Artistic Gymnastics

Melanie de Jesus dos Santos: "I will be stronger in 2021."

The reigning European women's gymnastics champion remains focused on Tokyo Olympic glory

By Scott Bregman and Guillaume Depasse ·

French gymnast Melanie de Jesus dos Santos is used to overcoming obstacles in her way, and the postponement of the Tokyo 2020 Olympics will be no different.

“I take that news with a lot of positive aspects,” the 2019 European all-around champion told Olympic Channel. “I will be stronger in 2021.”

While de Jesus dos Santos admits that the delay will be most difficult mentally, she also sees a chance to improve in the time before competition kicks off.

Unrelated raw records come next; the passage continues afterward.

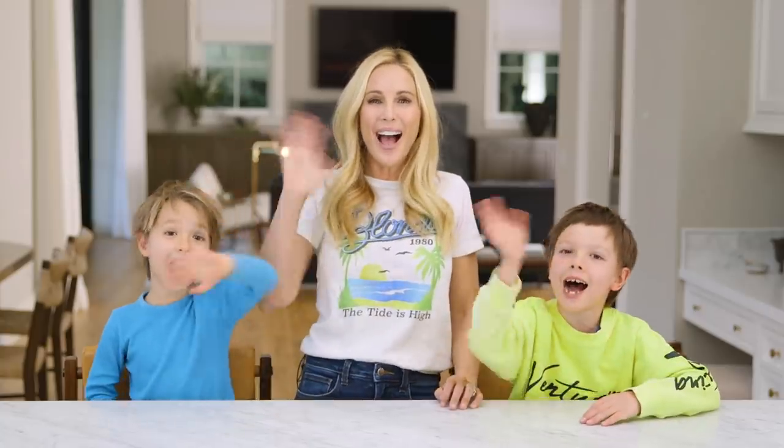Alright guys, we had so much fun making these and I swear they really helped with my congestion. Tell me in the comments below what other DIYs you'd like to see and we'll see you soon. Bye guys!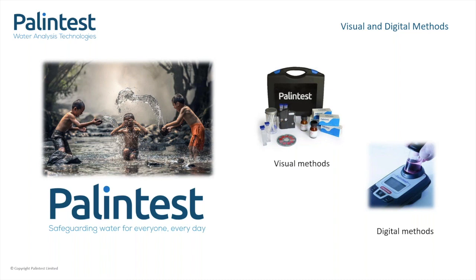Initially, PalinTest adopted the DPD method for use in visual colour comparison kits, and these still make up part of our entry-level kit options today. We have expanded from just testing chlorine to testing lots of different water quality parameters, allowing our customers to get an overall picture of the quality of their water. As the need for more precise results developed, we started to offer digital methods to analyse water chemistry. At this point, photometry became a widely adopted industry standard for in-field measurement of water quality across all applications — be that pools, drinking water or wastewater.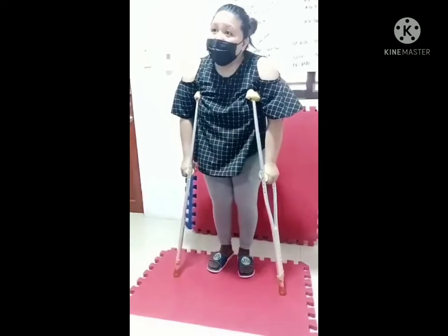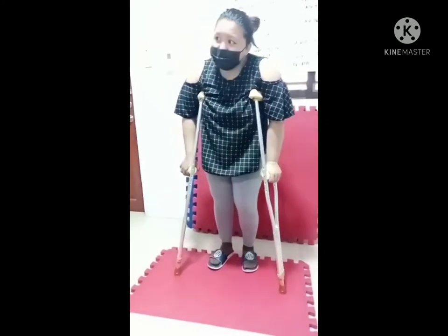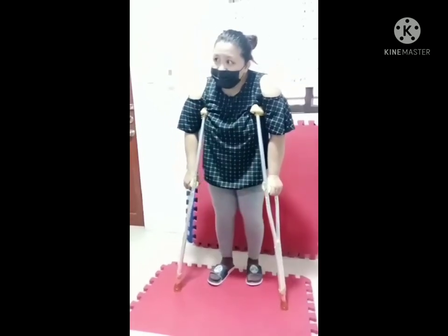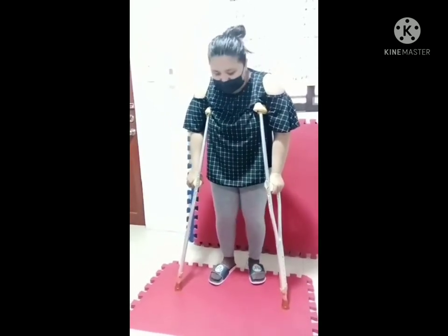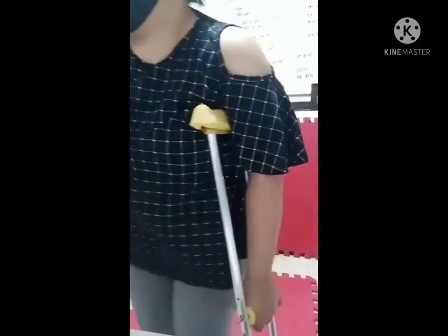Let's start with the two-point gait using a contralateral pattern. If my bad leg is the left, I start with the right crutch. One, two. One, two.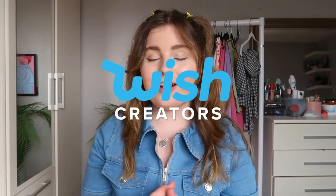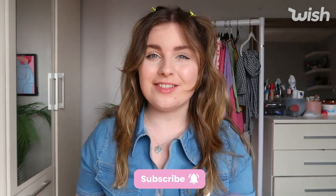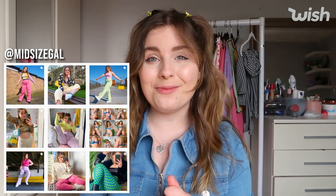Hey guys, welcome back to my channel! For today's video I've teamed up with Wish, and I'm going to be showing you a couple of the hundreds and thousands of items that Wish have available for you to purchase. We've got all sorts today — homeware, stationery, scrapbooking, and a little bit of fashion. Thank you so much to Wish for partnering with me on this video.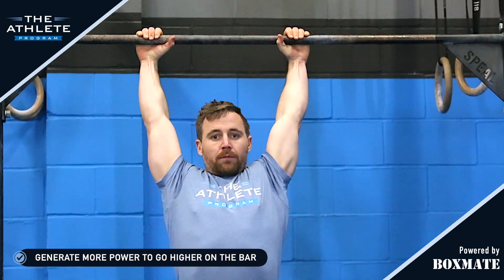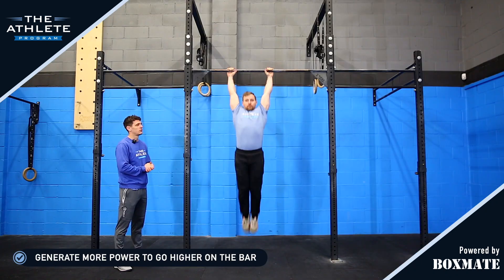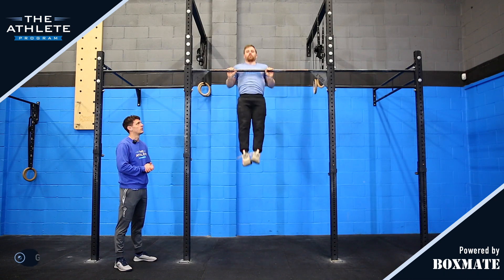We're now looking at generating a bit more power to get ourselves a little bit higher on that bar, still maintaining that open hip hollow position at the top of our pull.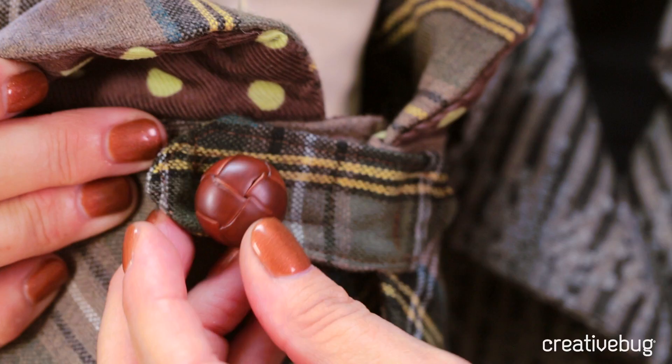There's no pressure in sewing for your dog. They're certainly not going to judge you, and it's a really great way to get ready to start sewing for apparel.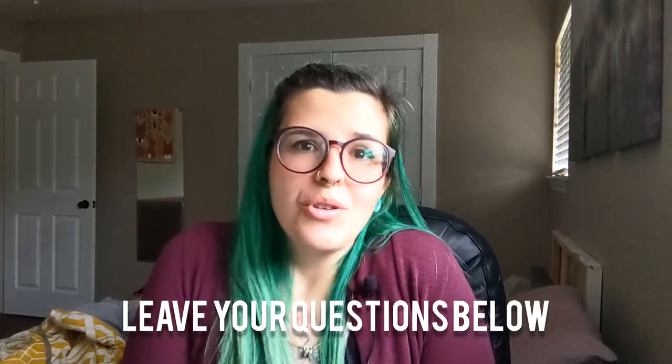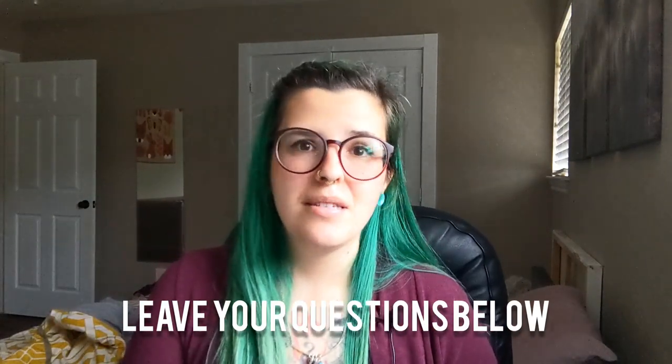Hey everybody, this is Robin here from Nestsopery, and today I thought it would be really fun to do a Q&A session. A couple of weeks ago, I put a post up on my stories on Instagram and asked you guys to submit some questions so I could answer them. I got a ton of questions, so I'm going to answer probably about 15 of them here today. If you have any questions you'd like me to answer in a future Q&A video, please comment down below about me, my business, or what I'm going to be doing moving forward.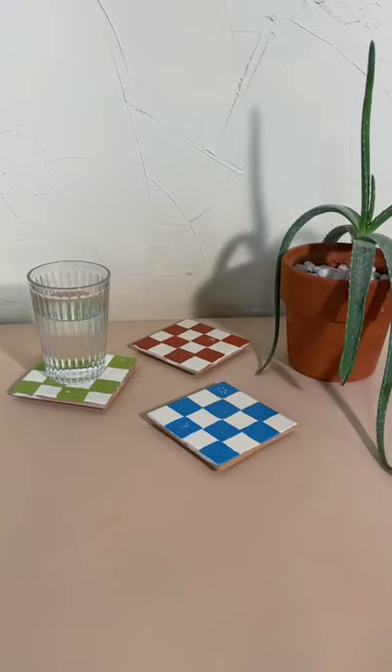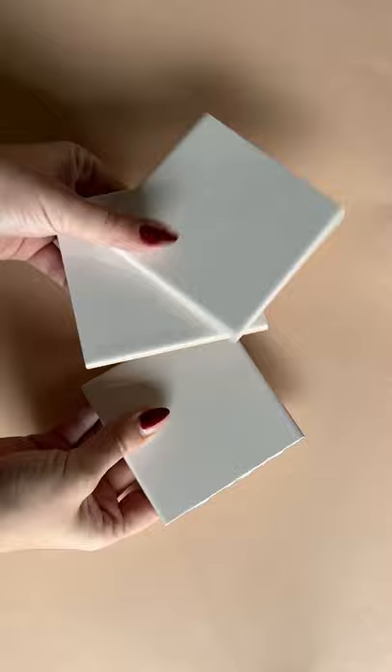Let's make these cute tile coasters together — perfect for a last minute gift idea. The base of the coasters are made from 4x4 tiles from the hardware store.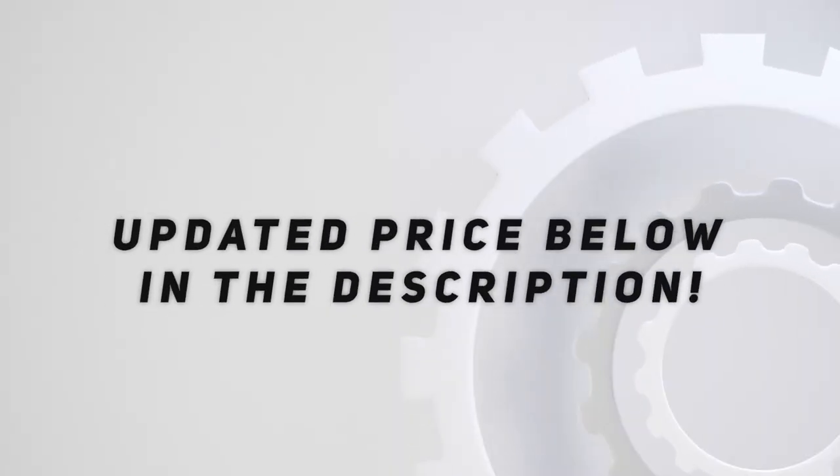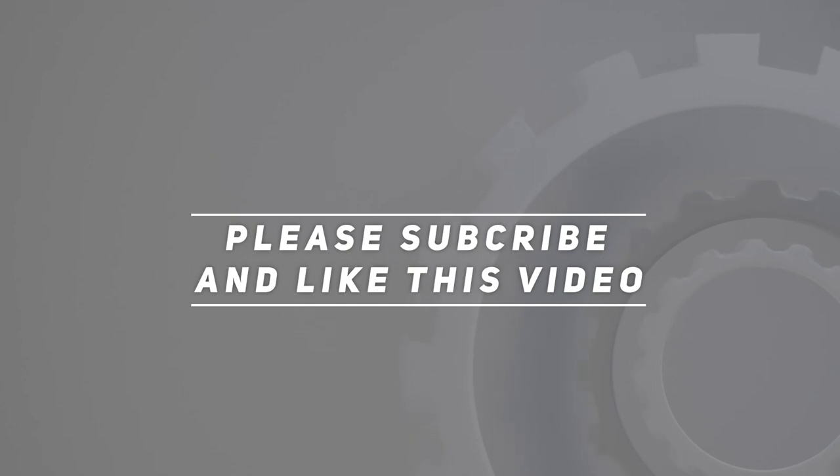Check out the video description for updated price. Thank you for watching this video. Please subscribe and hit the like button.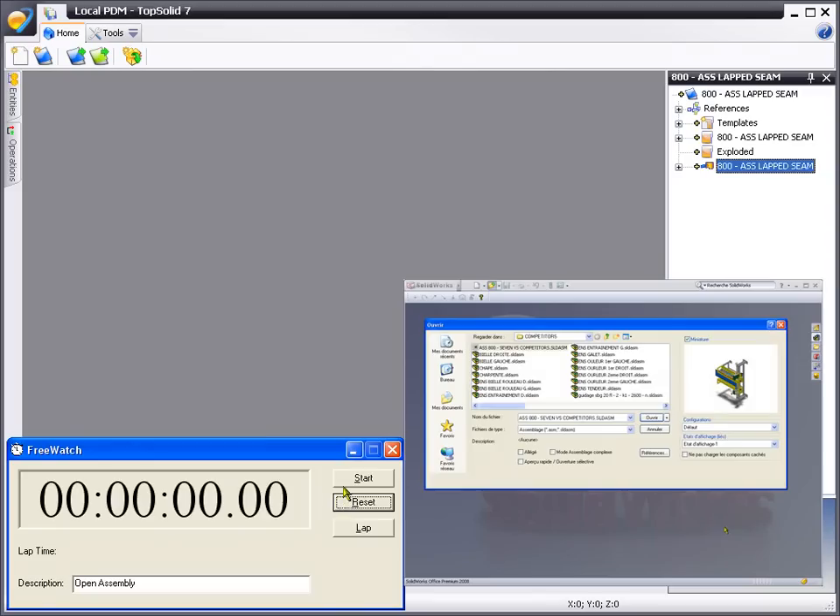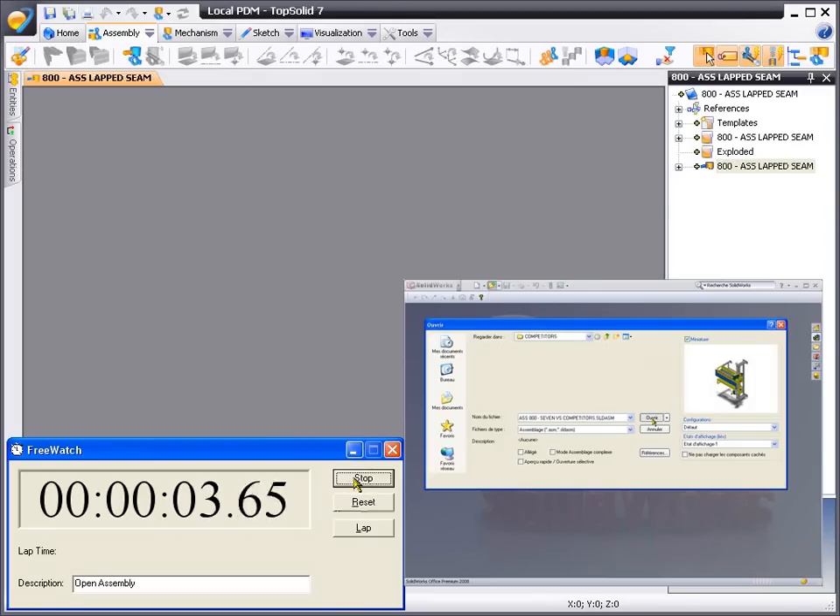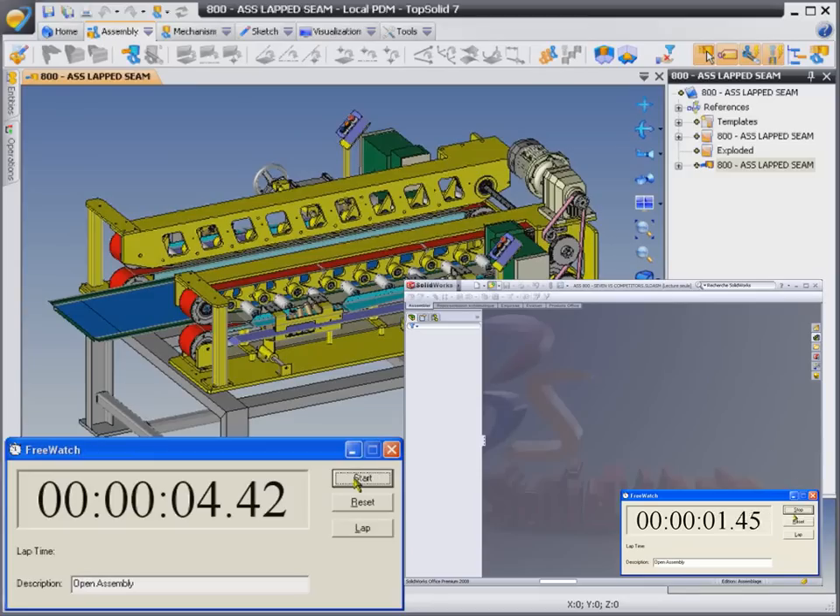OK, let's get this test started. Here in TopSolid 7, we're going to load an 800 component assembly. At the same time on the lower right, we're going to load that same 800 component assembly in a competitive product.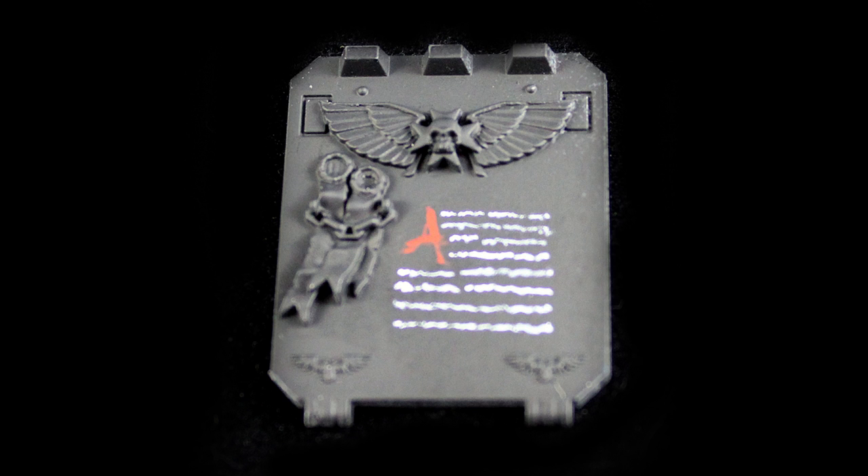Hey guys, Jay here, welcome to Anzabal.com. Today I'd like to show you how I like to do some freehand text work. These are the paints I'll be using.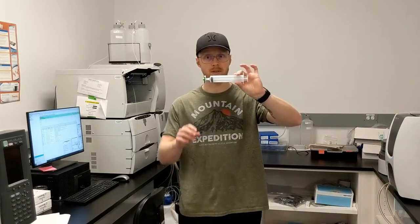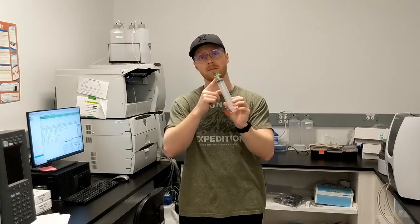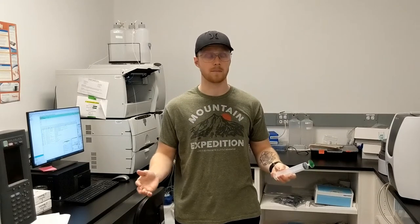One way that you can filter is with syringe filters — it needs to be at least 0.45 micron, though it can be smaller like 0.2. Sometimes you can vacuum filter and sometimes you can centrifuge, but talk to the people who manage your IC to make sure that that's okay first.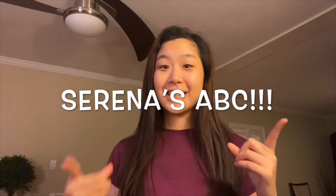Hi guys! My name is Serena and thanks for tuning in to Serena's ABCs — Serena's Awesome Ballet Class. I'll be your teacher for the next few weeks. Thank you for tuning in to your first class with Inspiration Fine Arts.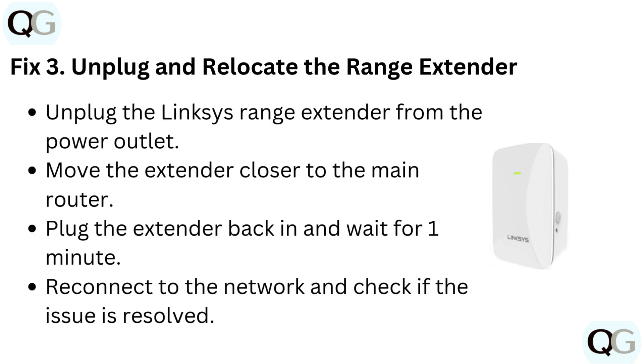Fix 3: Unplug and relocate the range extender. Unplug the Linksys range extender from the power outlet and move it closer to the main router. Plug the extender back in, wait for one minute, then reconnect to the network and check if the issue is resolved.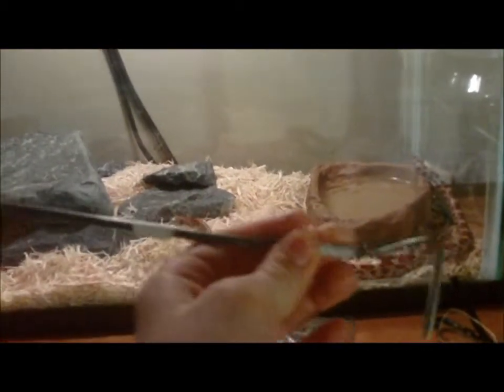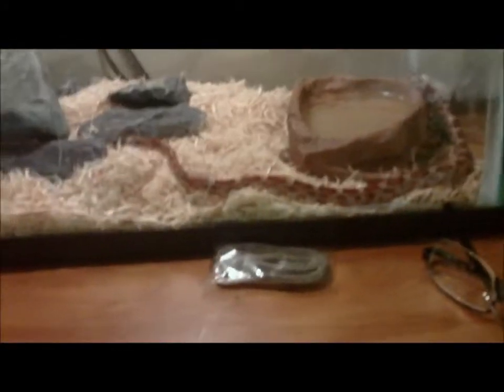I use tweezers, and I have this thing because sometimes I drop the mouse and my snake is aggressive, so I stick this in and poke it around so she'll get at it. So now I'm going to go get the tweezers.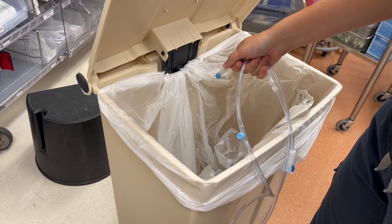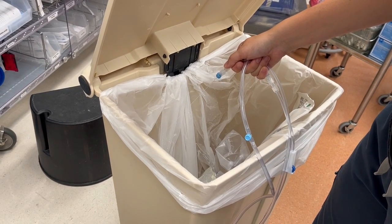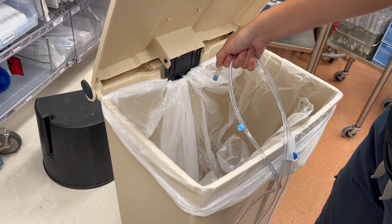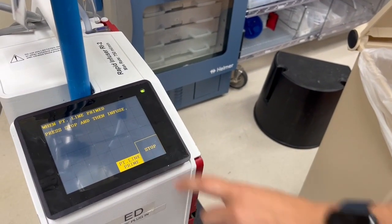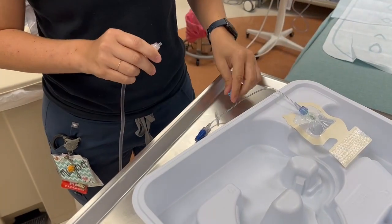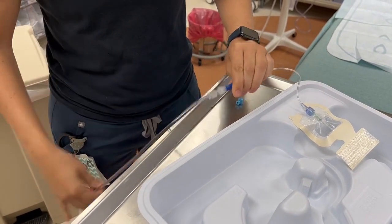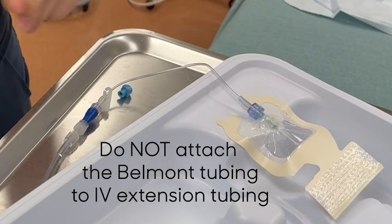Press stop after you have confirmed there is no air in the tubing. Check the tubing coming out of the machine all the way to the end of the tubing that will be attached to the patient. You are now ready to connect the tubing to the patient and infuse. Our IV start kits come with extension tubing attached to a blue clave — do not attach the Belmont tubing to this extension tubing, as this will drastically reduce the amount of flow.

“It’s a good opportunity to progress, and I’ll have more chances to have good results,” she said.

At present, she is living in a house in the French countryside with teammates Alizée Letrange-Mouakit, Lorette Charpy and Aline Fries.

“Every morning, I have two-and-a-half hours of sport and some in the afternoon, as well,” she said of her current regimen. “Given the circumstances, we only do homemade workouts, including abs on a chair or skipping rope.”

In her down time, she and her teammates have found time to relax.

“We also take time to enjoy playing some board games with the girls and watching all the Disney moves,” she said.

The Frenchwoman has the potential to be among the world’s best women’s gymnasts. At last year’s World Championships, de Jesus dos Santos was a medal favourite in the all-around, having qualified to the final in third behind American superstar Simone Biles and her teammate Sunisa Lee.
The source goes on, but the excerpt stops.